▸ Assigned task: Print exactly the lines from the one containing "Lightweight Gucci Belts 293151" through the last line of the entries below; the pictures stay out of the copy.
::::
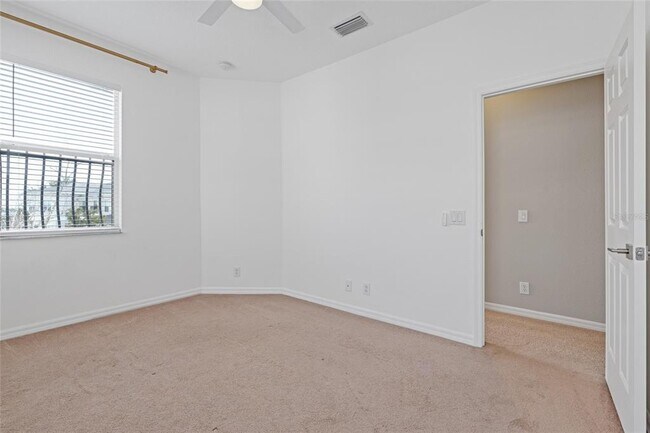 Building Photo - 1129 Venetian Harbor Dr NE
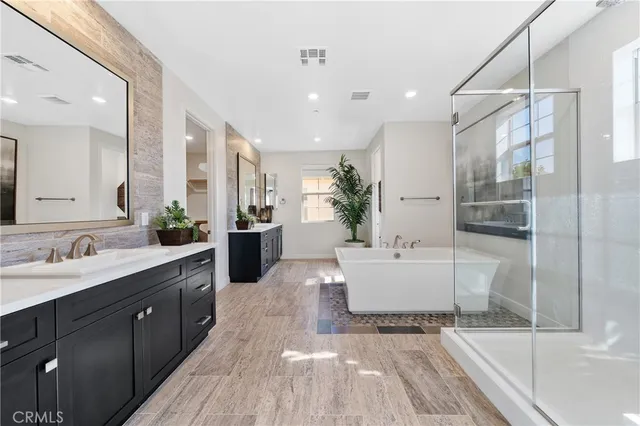 $2,989,000 | 94 Swift, Irvine, CA 92618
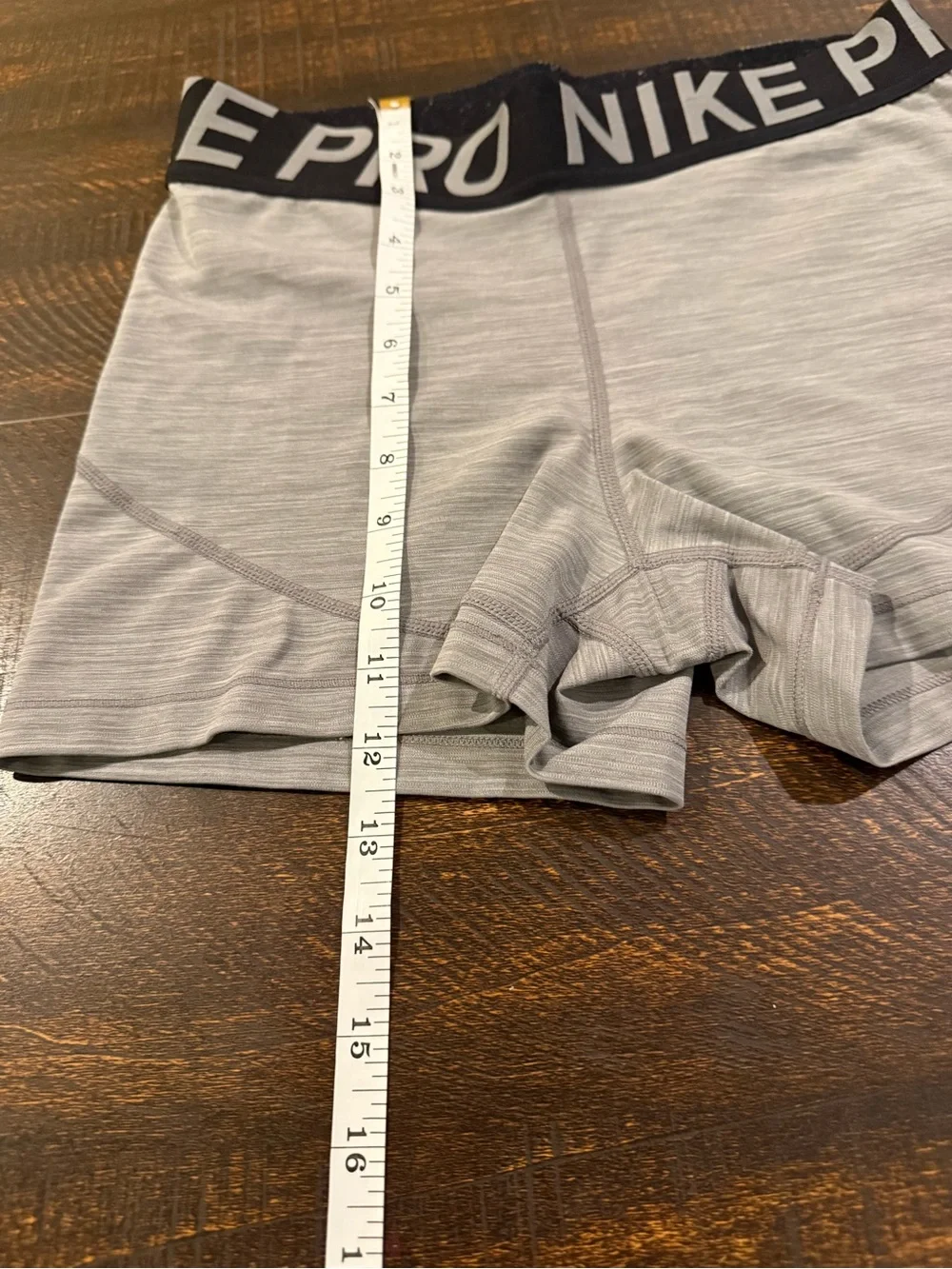 Nike Pro Dri-FIT Gray Compression Shorts Size Large Athletic Training
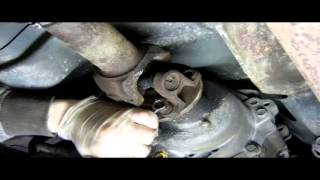 91 Ford ExplorerRanger Transfer Case Removal how to 89 90 92 93 94 95 96 97 98 99 [upl. by Anitsirhk521]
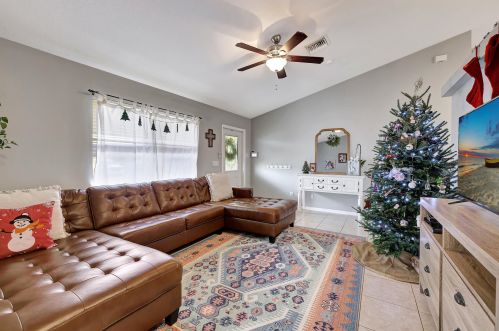 1910 Dorado Ln, Fort Pierce FL 34953-1826 exterior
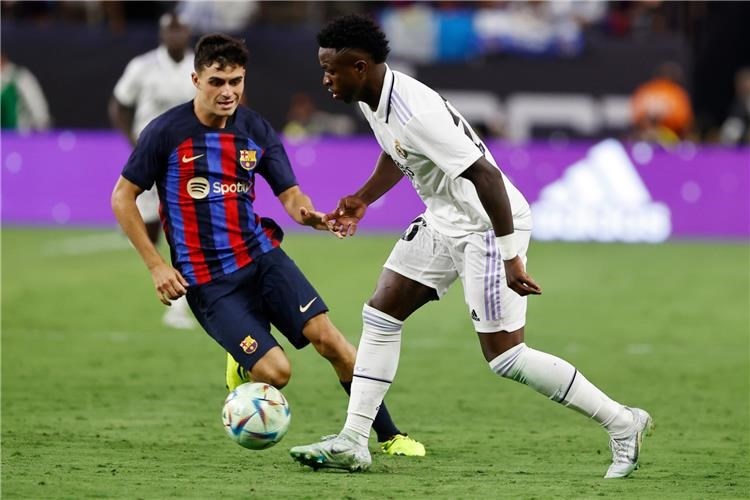 ساعة ذهبية تمنح ريال مدريد أمل إسقاط برشلونة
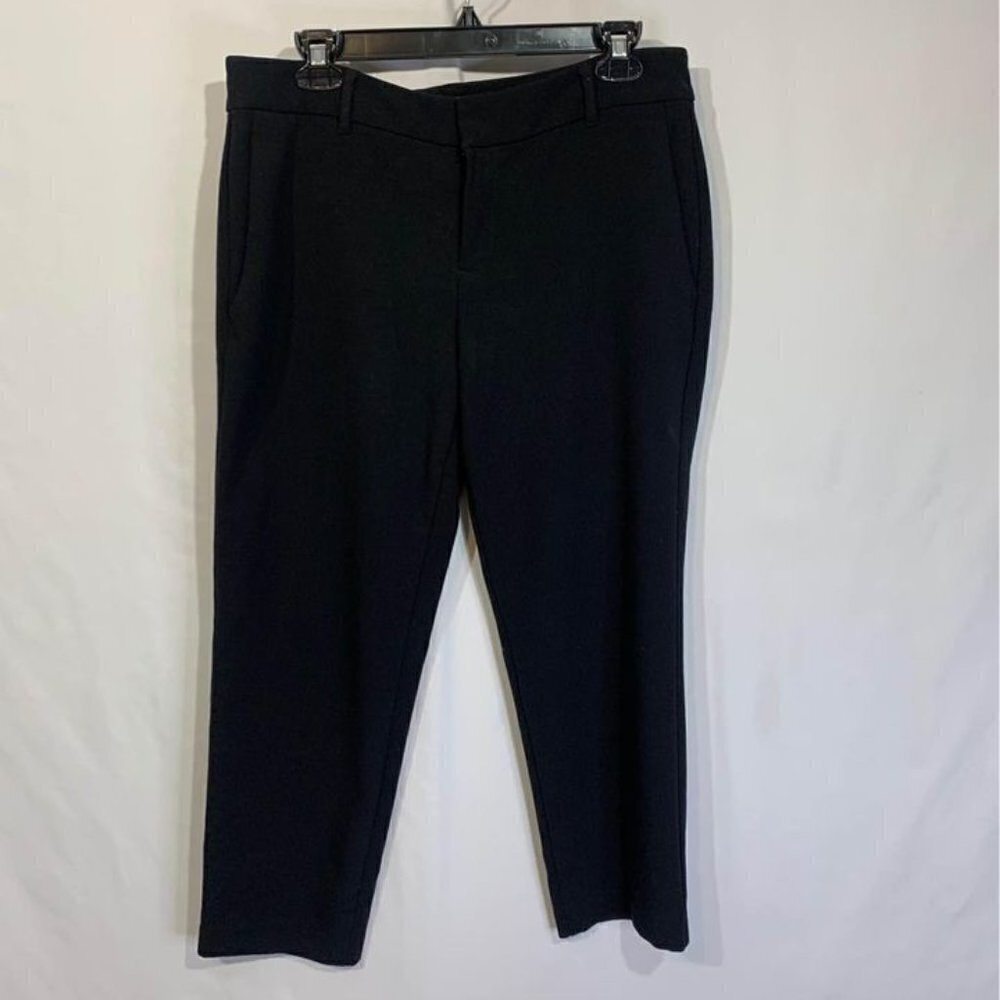 Woman’s “Harper” slacks. Pockets. Size 10. Black. Gorgeous fit. Capri length.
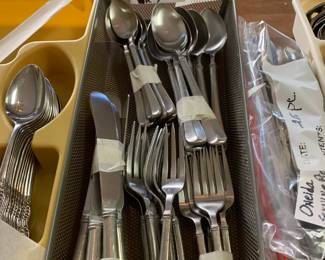 #265	InternationalPewter Vintage "Fairfield" - mixed 39 pc  set	 $50.00 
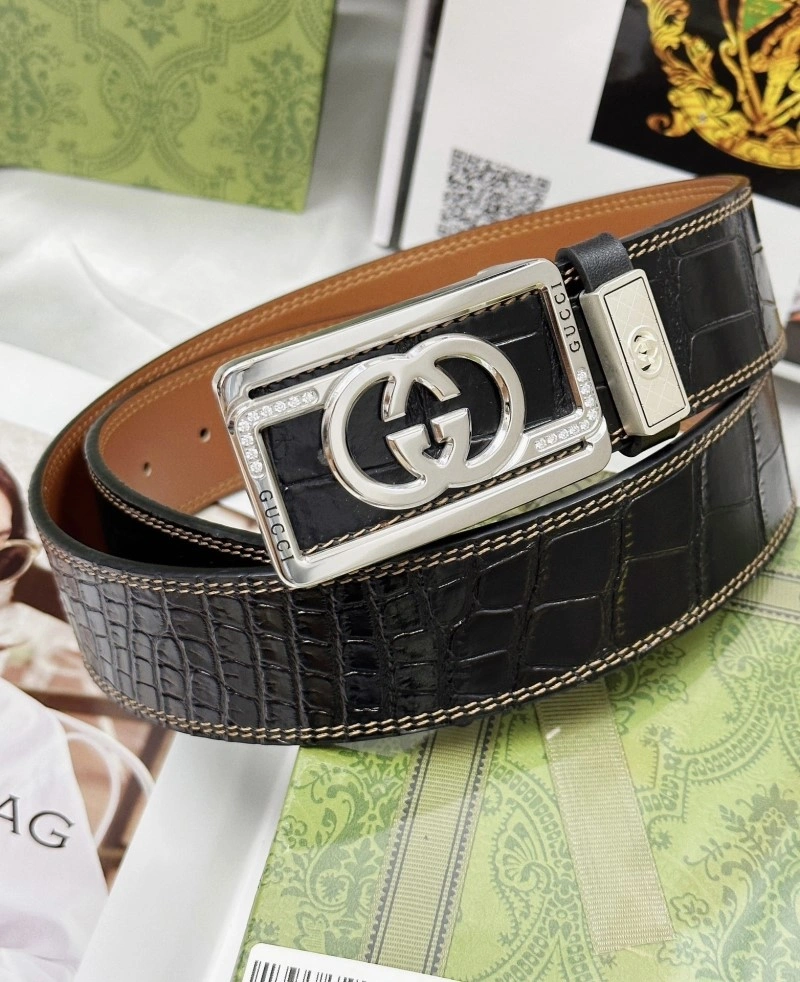 Lightweight Gucci Belts 293151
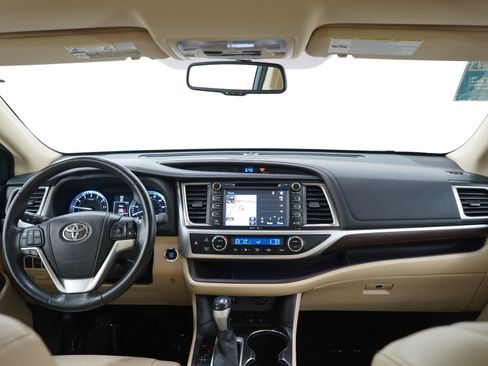 Used 2015 Toyota Highlander Limited image 14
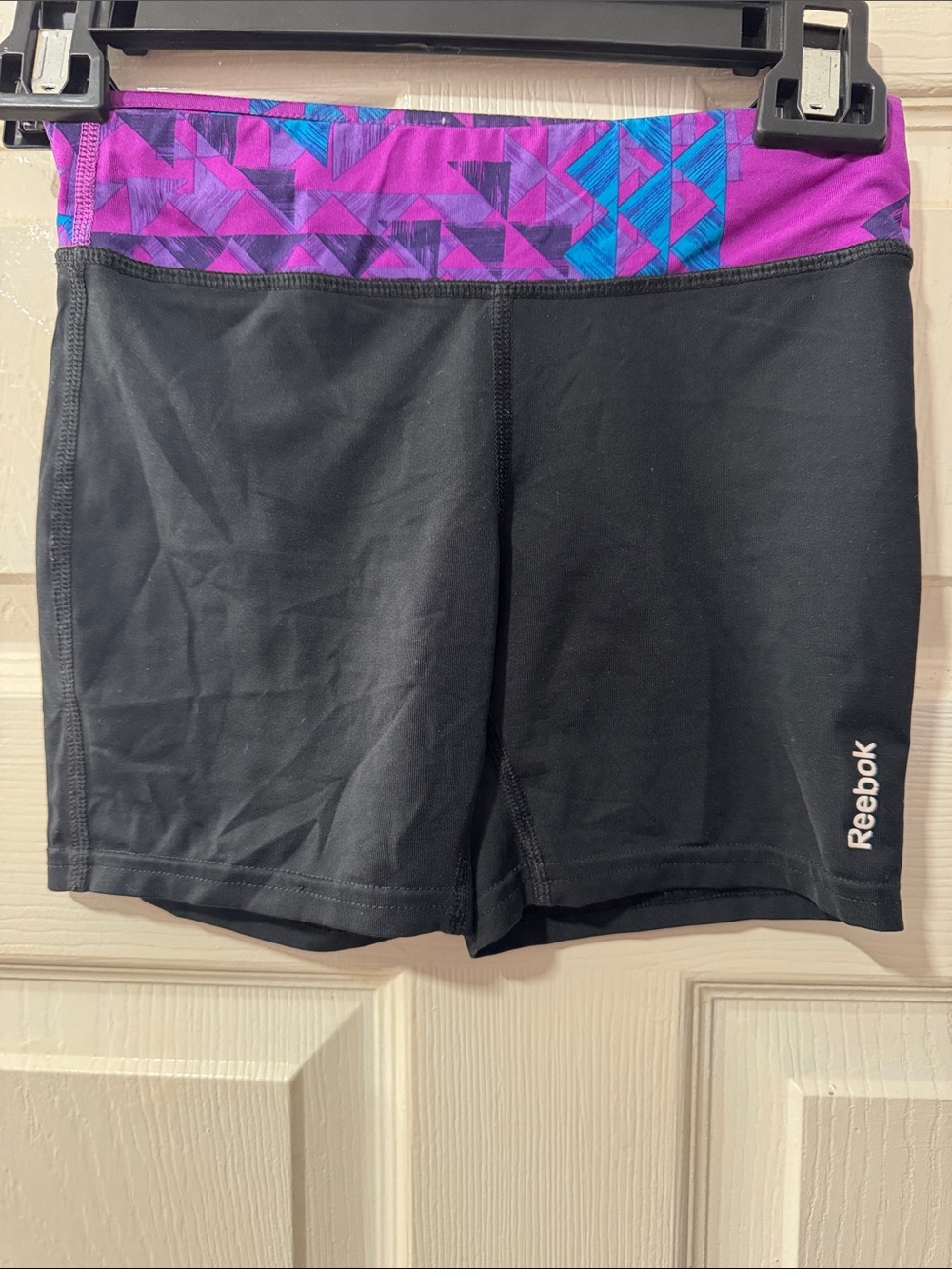 Reebok Girls Black Bike Shorts Purple and Blue Geometric Waistband Size Small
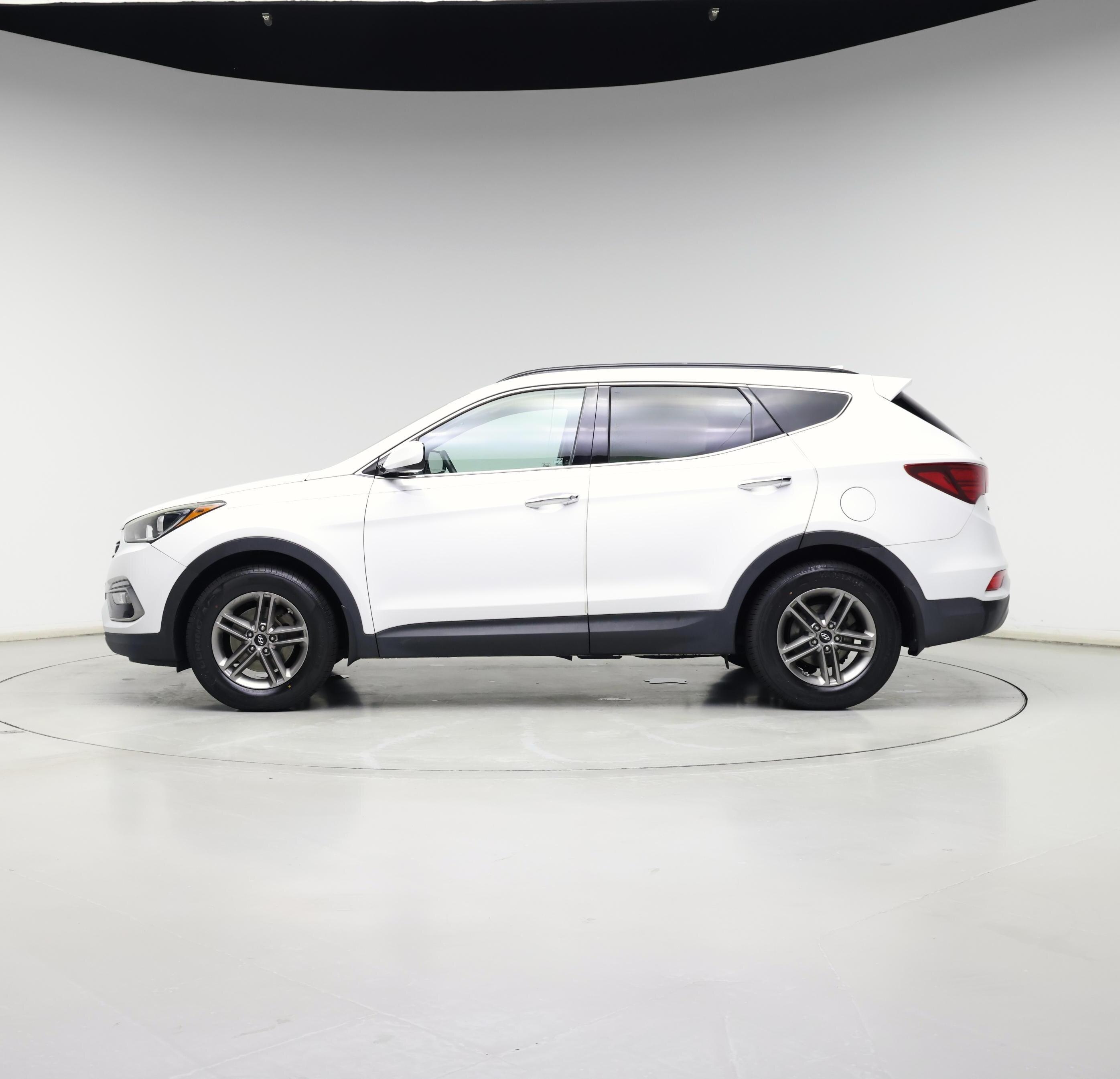 Thumbnail: 2017 Hyundai Santa Fe - 3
::::
▸ Solution to this exercise:
 Lightweight Gucci Belts 293151
 Used 2015 Toyota Highlander Limited image 14
 Reebok Girls Black Bike Shorts Purple and Blue Geometric Waistband Size Small
 Thumbnail: 2017 Hyundai Santa Fe - 3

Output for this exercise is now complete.